Op Landbouw vervangt Herman Van Rompuy Karel Pinxten. Die laat Vantemsche het kabinet gewoon verder leiden. Dehaene schuift volksgezondheid door naar Luc Van den Bossche, en daar verandert de sfeer wel degelijk. Impliciet of expliciet worden kabinetsmedewerkers aangemoedigd om Colla af te vallen, en velen doen dat ook.

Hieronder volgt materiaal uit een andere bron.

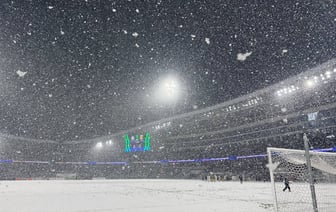 В Минске отменили футбольный матч столичного «Динамо» и Немана из-за «экстремальных условий» — Видео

Op Volksgezondheid verandert ook de hiërarchie. Van den Bossche neemt de zaak zelf in handen. Vriend en vijand verwonderen zich erover hoe snel – welgeteld één nacht – Luc Van den Bossche zich inwerkt. Al op woensdag 2 maart kent hij meer details van de dioxinecrisis dan veel doorgewinterde kabinetsleden. Van den Bossche staat bekend als een bourgondiër, maar nu is hij vooral workaholic. Niemand ziet hem ook maar één glas drinken, al houdt hij zich wel recht met pep.

Maar voor de media en het publiek helpen tranquillizers noch prozac. De verkiezingen vinden niet plaats op een vrijdag, wel op een dertiende.